2023 started pretty well for investors across US. Even though there were a few red days, the past week has been pretty well for investors. Especially the tech heavy, Nasdaq Composite. This momentum is necessary for the upcoming weeks and months for investors across the board to recover the losses 2022 brought them.
Big tech earnings have already started and we had Netflix to go first and surprisingly, they did not disappoint as they recorded increase in subscribers than what the analysts at Wall Street had expected. Stock of Netflix rose by more than 8% on Friday when they announced their earnings and the everyone expects or at least wants the other upcoming big tech’s to do the same. Tesla, IBM and Microsoft report their earnings in the upcoming week and it could be a make or break week for the markets.
Obviously earnings play a major role in stimulating the market’s directions but another thing that plays a major role, not just for the markets but for the companies and for economies across the world is interest rates.

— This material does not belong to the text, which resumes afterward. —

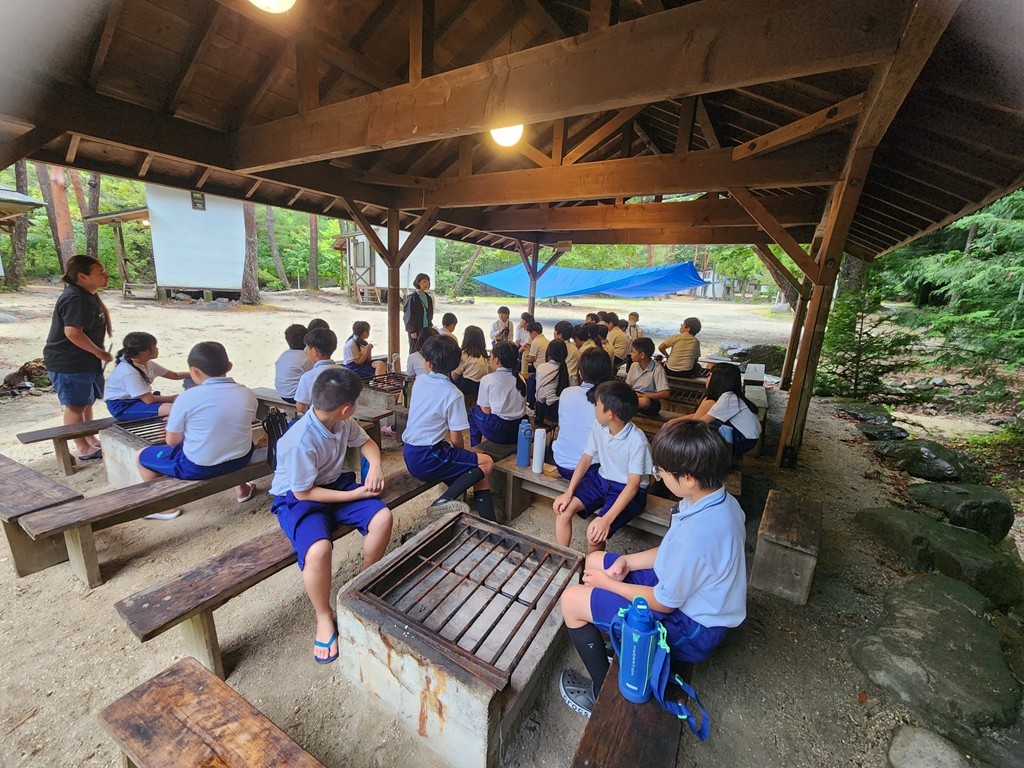 4年生 ぼうけんキャンプ 北恵那キャンプ場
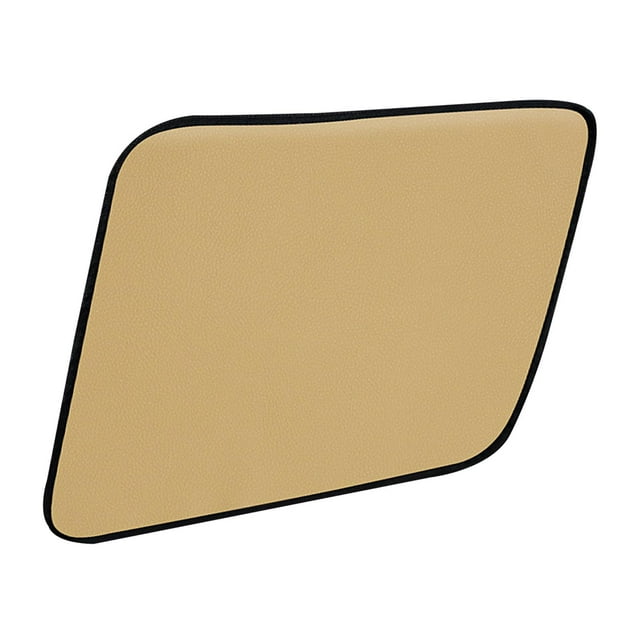 Funda de asiento de coche, accesorios interiores, protector de asiento trasero para coches, protección de Mitad beige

The federal reserve is trying to tame down the hot inflation with the help of interest rates and even though it did play out pretty well when the latest economical reports came, they did not help the markets. At all. So the fed meetings and the new rates will be playing a huge role in directing the markets this year as well.
While everyone sees a gloomy 2023 where few even say that a recession is inevitable, there are a lot of institutions and CEO’s that admit that it is not that dark after all, stocks could rally by the end of 2023 or at least improve their positions from where they are now or where they ended in 2022.